This period was the beginning of his struggles. He had no money, not even a nickel for car fare to the city until Christmas vacation, when he earned a few dollars. In the summer time, as a young evangelist, he preached in country churches and in tents in out-of-the-way places, receiving only a very small remuneration.
Five years of schooling, work, and struggle passed. During that time the friendship which he and I had formed while we were at the same college deepened, and at the end of the five years we became engaged. We did not contemplate immediate marriage, and he accepted a position as teacher in a Christian high school in New Orleans, Louisiana. He left that position to become cashier for the Cumberland Telephone Company, at Gulfport Mississippi. The manager of the Louisiana and Southern Mississippi district of the Telephone System appreciated his honesty, faithfulness, and ability so very much that he offered him a permanent position anywhere he wanted to work in his territory. The manager promised to "shove him to the top" as fast as he could learn the system. This was indeed an appealing offer and one that would tempt almost any young man. Opportunity knocked, not only in this proposition, but with nine other offers within a few weeks' time. These offers were positions such as dean of a college and pastor of churches.
Naturally he wanted my reaction to these different offers, and so he wrote me, asking which I would prefer his accepting. This was several weeks before the date we had planned for our wedding, and it was certainly a problem for me to know what to say. It was not, however, necessary for me to make a choice; the Lord had not forgotten the young man whom He had called so very definitely into His service. It was just before the time for the wedding when he wrote again saying, ''I am not going to accept any of the positions I have been offered. God has shown me that He wants me to go back to school. I am going to Louisville, Kentucky, to study again. Would you be willing to go with me?"
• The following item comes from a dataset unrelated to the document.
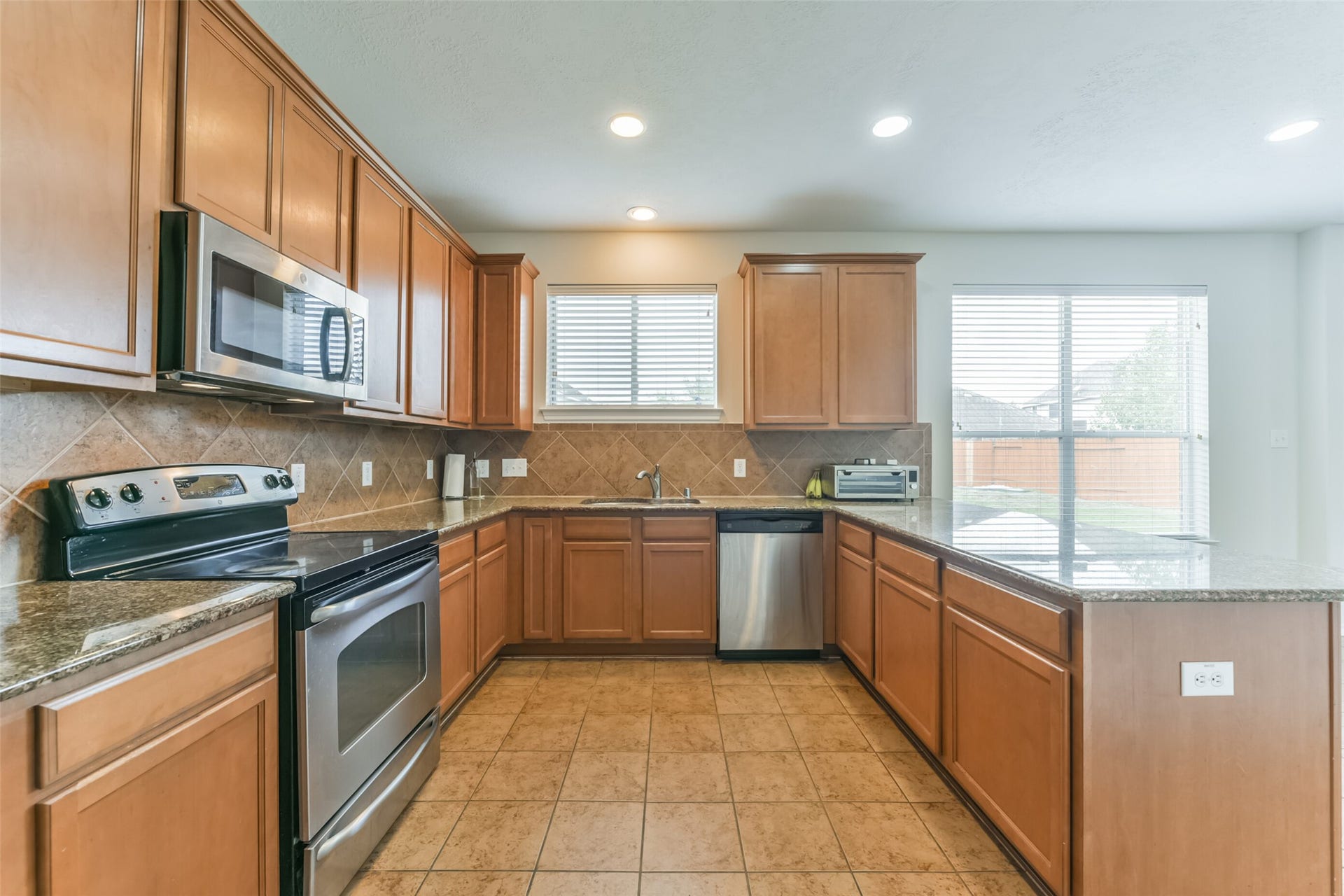 5418 Lilac Grove Lane, Rosharon, TX 77583 5418 Lilac Grove Lane, Rosharon, TX 77583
This seemed a sudden decision, but there was a reason for it. Just prior to, and incidental to this decision, while he was in the pulpit delivering a prophetic message, God showed him a certain truth, and he realized that he was teaching error! Stunned by the sudden revelation, he floundered in his sermon for about ten minutes, and then stopped. David L. Cooper was then, as he is now, of such a sober, honest, sincere nature that, when he discovered the fact that he had been teaching error, he was almost petrified. He felt that he could never preach again, lest what he taught might be error. I sympathized with him in his quandary, but I knew instinctively then, what I have since learned by much experience, that the calling's of God are not repented of and that "God's commands are His enablings." So I wrote him: "If God called you to preach, He is not calling you to be discouraged and to stop preaching! You should preach what you know beyond all doubt to be truth. Go to school again, and learn more truth."
A week or so after this incident we were married (June 12, 1912), and that fall we went to Louisville, where he resumed his studies, and where his real struggles began in earnest. My husband then earned our meager livelihood by preaching alternately each Sunday at two small churches in the country, receiving $10.00 a Sunday. Since the day the Lord called him into His service, he has had an unquenchable desire to teach God's Word. And this desire through the years has made him willing, whenever possible, to help others in their efforts to learn the truth. During these early days in Louisville we took into our home young ministers to whom we gave room and board at $3.00 a week in order to help them in their struggles to learn more of God's truth as they, too, took Bible classes daily.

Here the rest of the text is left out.